Skip to content

Generating Datasets

Caleb P. Charpentier edited this page Sep 27, 2023 · 2 revisions

Mesh Generating Functions and Datasets in TraitBlender

Overview

TraitBlender allows users to generate datasets using a combination of trait generating functions and custom tabular data. This guide will help you understand how these elements interface, how to prepare your data, and how to generate a dataset.

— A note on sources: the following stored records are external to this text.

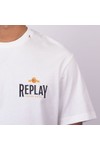 Replay Mens White Grand Hotel T-Shirt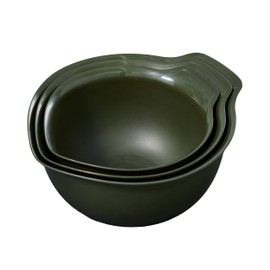 KitchenAid Universal Nesting Plastic Mixing Bowls, Set of 3, 2.5 quart, 3.5 quart, 4.5 quart, Evergreen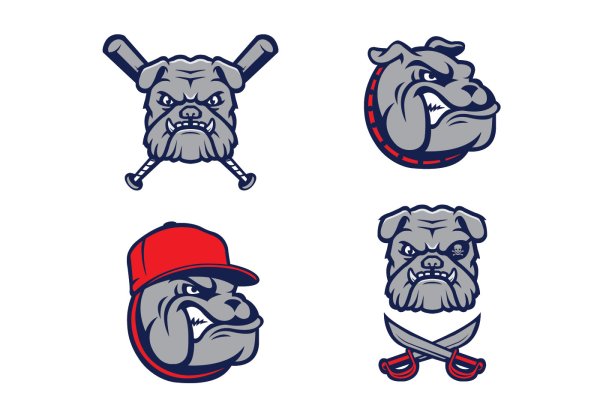 Английский бульдог вектор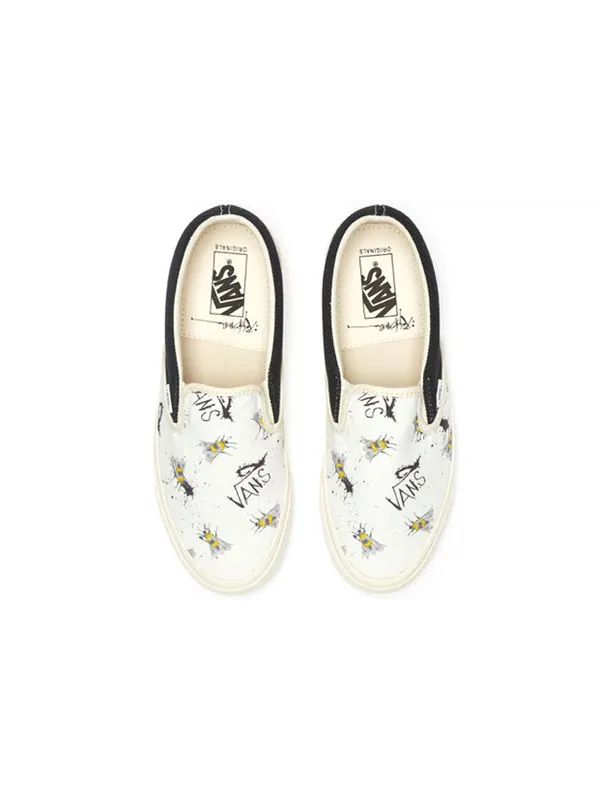 Кроссовки ralph steadman x og classic slip-on lx 'bee' Vans — изображение 2 из 4, белый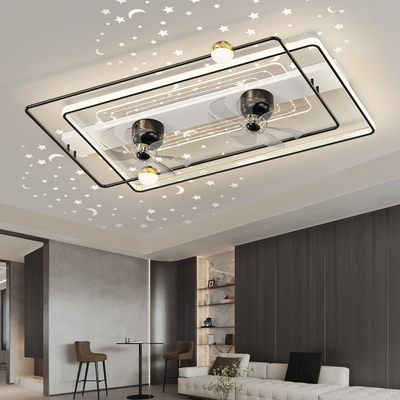 2025新款客厅主灯吊扇灯静音大风力智能语音现代简约大气灯具套餐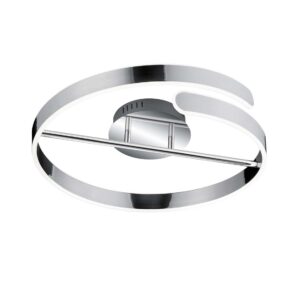 Parma Plafonnier LED Chrome avec Variateur d'intensité Interrupteur D.50Cm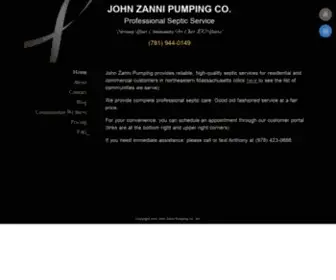 Johnzannipumping.com(Zanni, septic, pumping, cesspool, leaching field, north reading, ma) Screenshot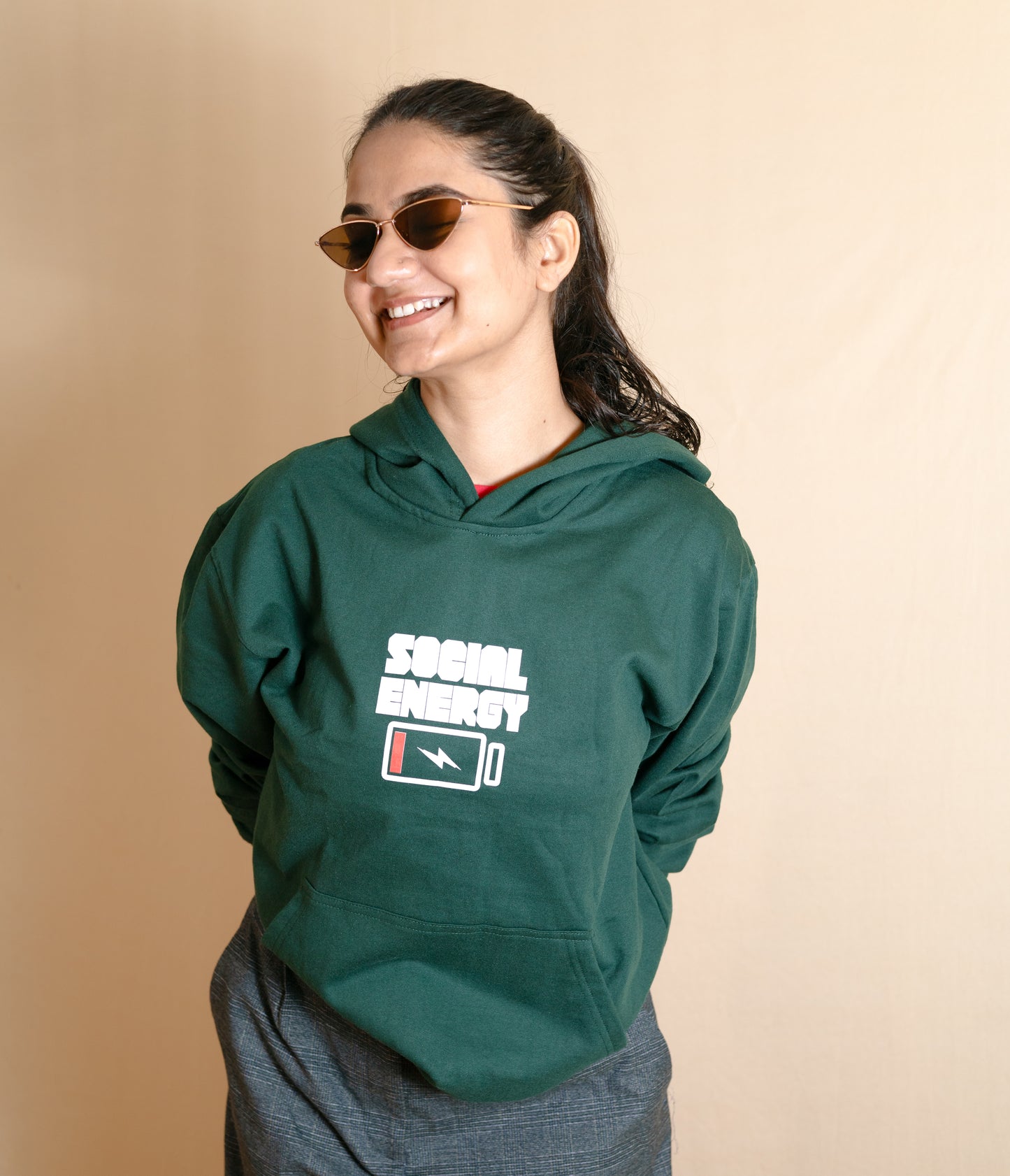 SOCIAL ENERGY-FULL SLEEVES HOODIES FOR MEN & WOMEN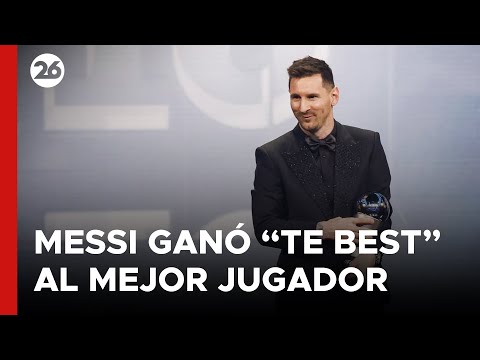 REINO UNIDO | Messi ganó el premio The Best al mejor jugador del mundo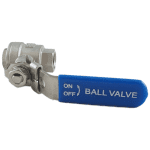 Edelst. Kugelhahn Voller Durchgang,1/2"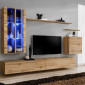 Meuble TV Mural Design "Switch XII" 270cm Naturel|Meuble TV|Paris Prix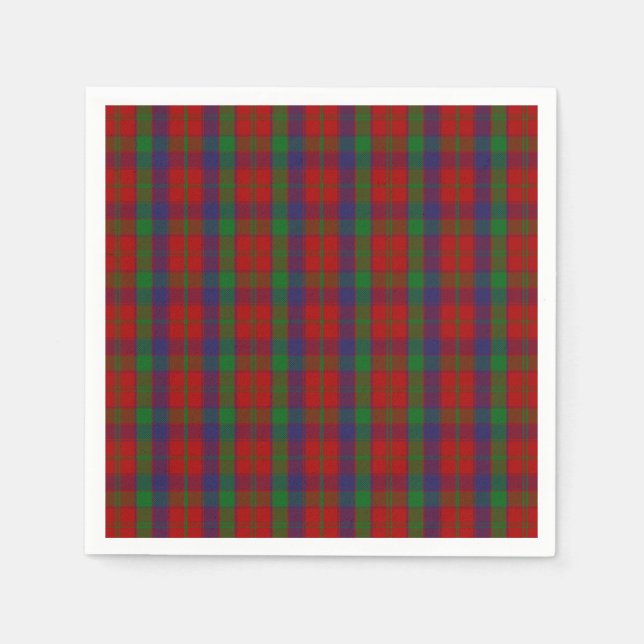 Clan Robertson Tartan Napkin (Front)
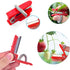 3 Pack Multifunctional Gardening Thump Knife Garden Cutter Finger Fruit Picker Hand Pruner for Vegetable Trimming Separator Harvesting Picking Far...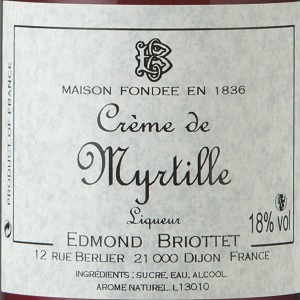 Crème de Myrtille Briottet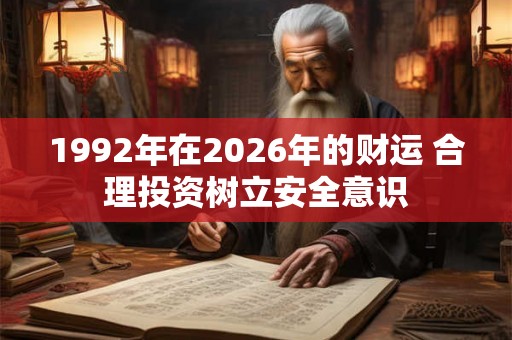 1992年在2026年的财运 合理投资树立安全意识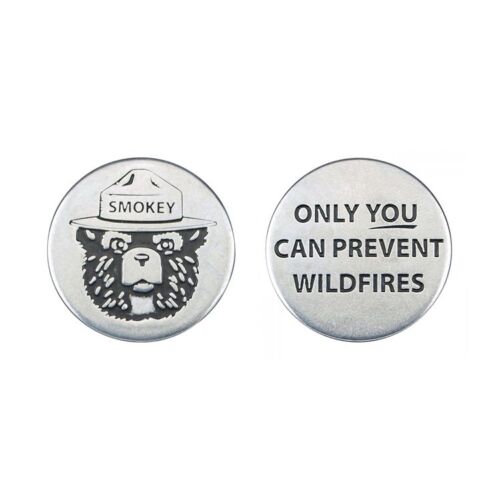 Smokey Bear collectible token, both sides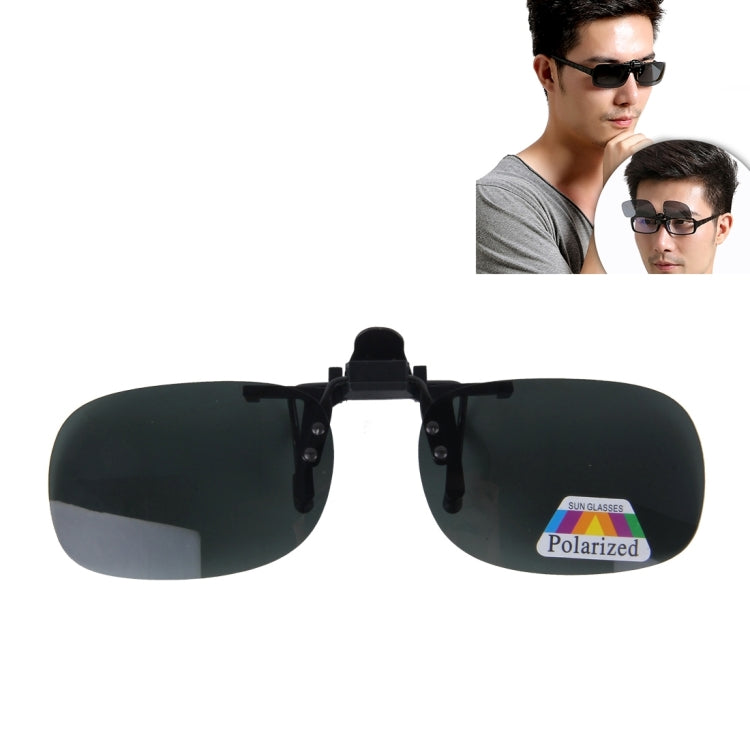 Polarized Clip-on Flip Up Plastic Clip Sunglasses Lenses Glasses Unbreakable Driving Fishing Outdoor Sport, Brown, Dark Green, Yellow – Flip Dark Green Dark Green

Making Mesh Generating Functions

The Basics

To use TraitBlender effectively, you'll need a trait-generating function written in Python. This function should accept parameters that correspond to the traits you're interested in. For example, if you're studying eye diameter, your function should have a parameter named Eye_Diameter.

Examples

To be added

Generating Datasets

Preparing Your Data

  1. Tabular Data: TraitBlender requires a CSV file where each column corresponds to a parameter in your trait-generating function. Make sure the column names in the CSV match the function's parameter names.
  2. Special Columns: Your CSV file must include a special column named either "label," "species," or "tip" (case-insensitive). This column serves as an identifier.

Generating Processes

You can generate this tabular data in various ways. For example, in phylogenetics, you might generate datasets in R using phylogenetic trees and macroevolutionary models like Brownian Motion. Essentially, as long as your CSV file meets the requirements, you can use any process to generate it.

Examples

To be added

Generating an Entire Dataset

You can generate a complete dataset using the generate_dataset.py script. This script requires three arguments:

  • make_mesh_function_path: The absolute path to the Python file containing your trait-generating function. This file should include the function and any required imports.
  • csv_file_path: The path to your CSV file containing the tabular data.
  • json_file_path: The path to a JSON file generated using the "Export Settings" button in the TraitBlender GUI. This ensures that the same settings are applied across the dataset.